L’Ilva e il Tap sono solo la punta dell’iceberg. Perché a ingessare l’Italia non ci sono solo i guai della Puglia, ma un grande malinteso di fondo. Frutto di colpe trasversali e una certa cultura della disinformazione, tutta politica. Ermete Realacci (nella foto), il rapporto tra industria e ambiente lo conosce bene. Presidente dell’omonima commissione alla Camera, è uno dei padri dell’ambientalismo italiano. E forse è proprio per questo che in questa intervista a Formiche.net attacca senza mezzi termini chi plasma l’ambiente a propria immagine e somiglianza per fermare crescita e progresso. Ma anche la politica ha i suoi scheletri nell’armadio.
Presidente, partiamo dall’Ilva…
Il ricorso di Emiliano (poi ritirato, ndr) è stata una mossa improvvida. Mi sembra fin troppo chiaro come ormai ci sia una vera e seria volontà di risanare il sito (ieri il governo ha inviato un protocollo che accelera i tempi del risanamento, ndr).

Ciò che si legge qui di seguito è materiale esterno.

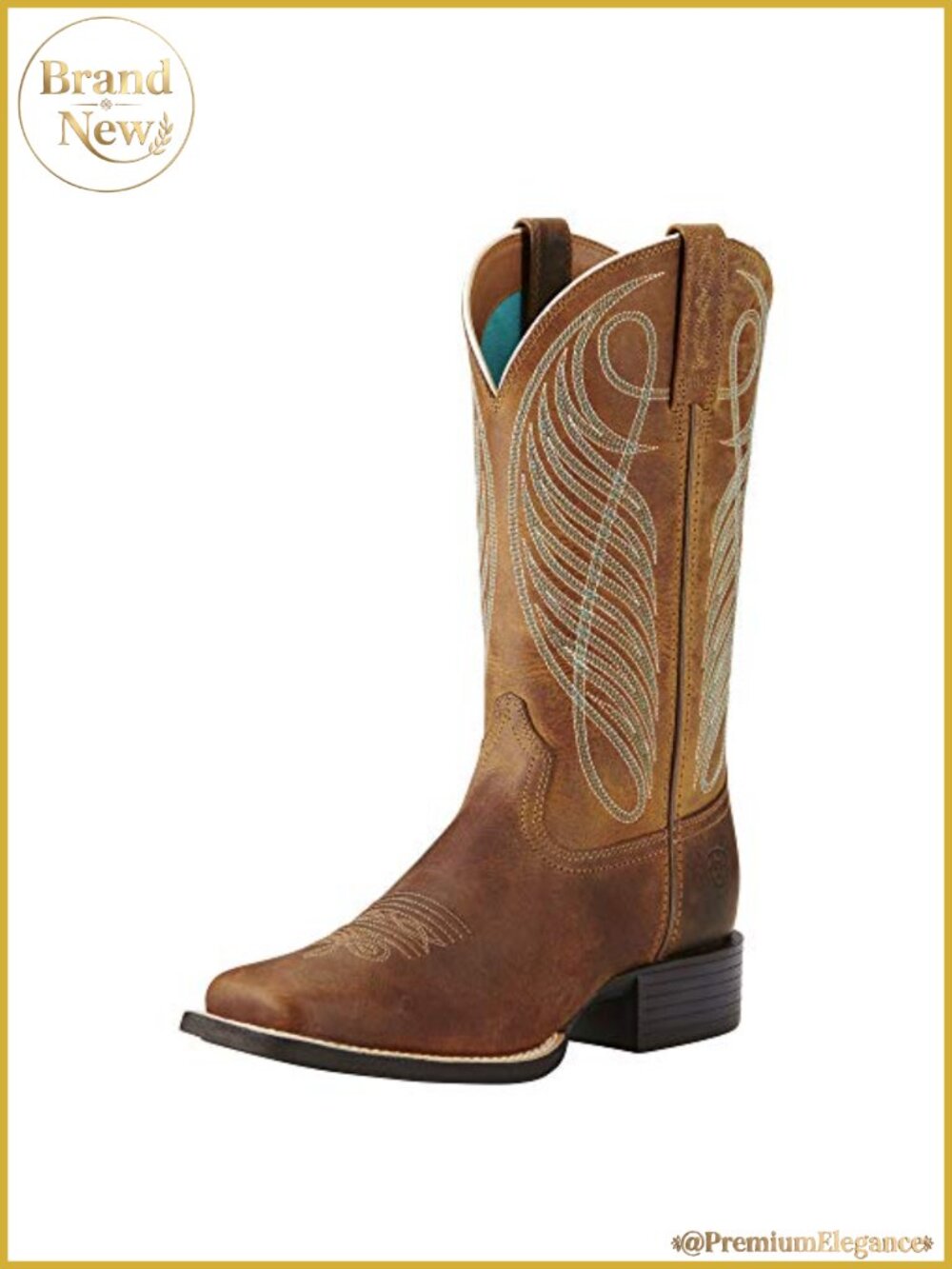 Full Grain Leather Western Boots Wide Square Toe 11" Shaft Mid-Calf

Non siamo più negli anni ’60…
Si spieghi…
Le leggo una cosa. Nel piano regolatore per lo stabilimento Ilva di Porto Marghera, nel 1962, c’è scritto chiaro e tondo che nel sito “troveranno posto quegli impianti che diffondono fumo, esalazioni dannose e scaricano in acqua sostanze velenose e fanno rumore e vibrazioni”. Ora le chiedo, le pare che oggi 50 anni dopo a Taranto ci sia questa situazione? Andiamo su…
Allora perchè c’è chi vuole ancora spegnere l’Ilva?

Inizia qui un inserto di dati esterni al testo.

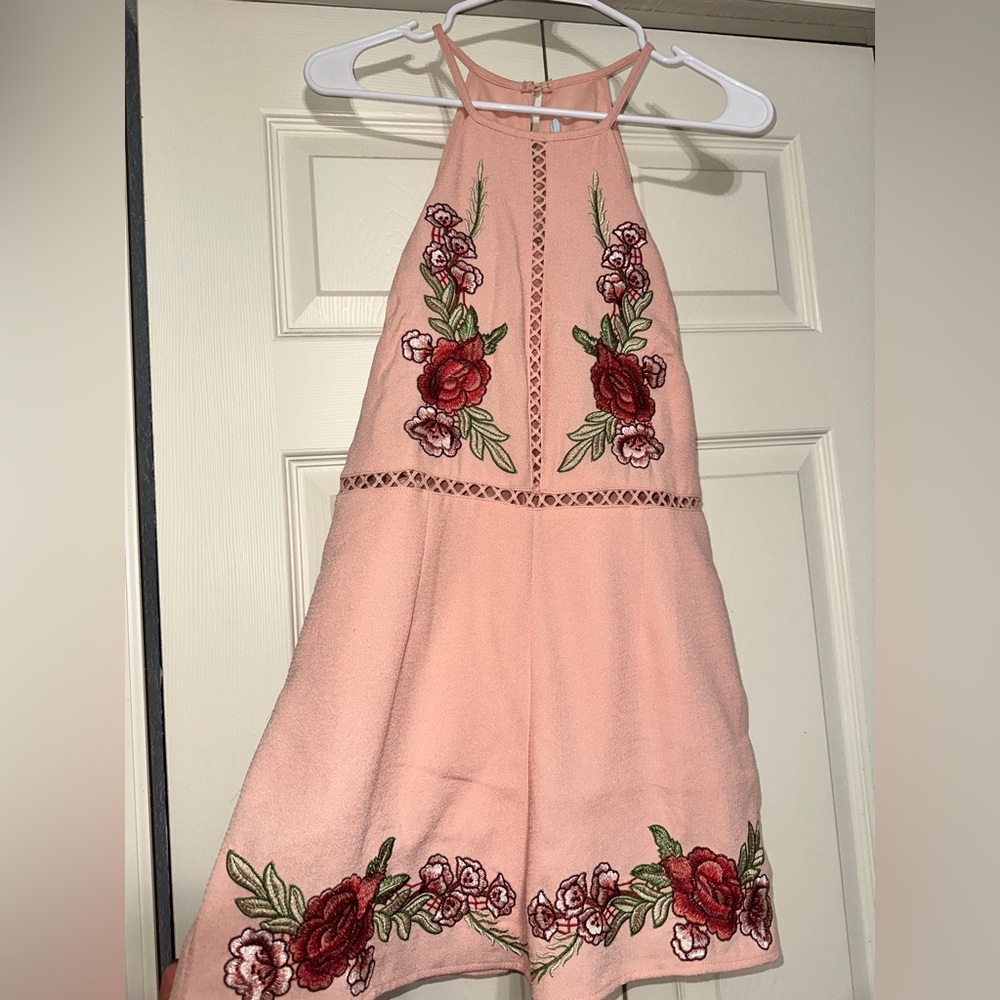 Light Pink Floral Romper!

Bisogna capire una volta per tutte che il risanamento a Taranto è stato avviato. Sono stati messi a disposizione 3 miliardi di euro dai Riva per avviare la bonifica. E oggi questo percorso è arrivato a delle svolte importanti, ce lo vogliamo mettere in testa oppure no? Le dico un’altra cosa. Pochi anni fa, nel 2013 ci fu a Taranto un referendum contro l’Ilva. Un flop, parteciparono in pochissimi. E allora di cosa stiamo parlando? E poi, diciamolo, all’Italia serve l’acciaio.
Allora il governo ha le sue ragioni…
Il governo ha certamente le sue ragioni se vuole davvero creare la miglior acciaieria d’Europa. E se lo vogliono i nuovi proprietari (Arcelor Mittal, ndr). Io per la verità apprezzavo anche l’altra cordata (quella semi-pubblica con Jindal, Arvedi e Cdp, ndr). Ma ora è tempo di sedersi intorno a un tavolo e decidere se l’Ilva deve o meno diventare l’acciaieria numero uno.
Veniamo al Tap…
Il Tap è un tubo, non la Morte Nera. Guardi in Appennino quanti tubi passano sottoterra, non vedo disastri. Il metano ci serve, è l’energia di transizione verso le rinnovabili. Prima di abbandonare il carbone e approdare definitivamente alle rinnovabili c’è il metano, che all’Italia serve.
Eppure anche qui gli enti locali si sono messi di traverso…
Dovevano farlo 10 anni fa. Se non erano d’accordo sul punto di approdo dovevano svegliarsi prima. Non ora, che cosa rappresenta?
L’Italia è bloccata da mille proteste, il cosiddetto Nimby. Di chi è la colpa?
Della politica oltre che di una certa cultura del no.
Quindi anche dei partiti…
Certo. C’entrano moltissimo i Cinque Stelle, che cavalcano queste proteste. Ma anche il Pd ha le sue colpe, voglio essere chiaro. Ma sa qual’è la vera colpa della politica, di qualunque colore?
Me lo dica lei…
Quella di non riuscire a spiegare bene l’opera in essere. Bisogna darsi un orizzonte dentro il quale darsi degli obiettivi. Se l’opera serve a quello allora si fa in quei tempi. Così si può battere la cultura del no.
C’è in gioco il futuro e la crescita del Paese…
È ovvio. Se il futuro sono le rinnovabili, che cosa vogliamo fare, opporci alle rinnovabili? Certo, se qualcuno vuole mettere una pala eolica sul Colosseo allora sì, forse bisogna riaprire i manicomi.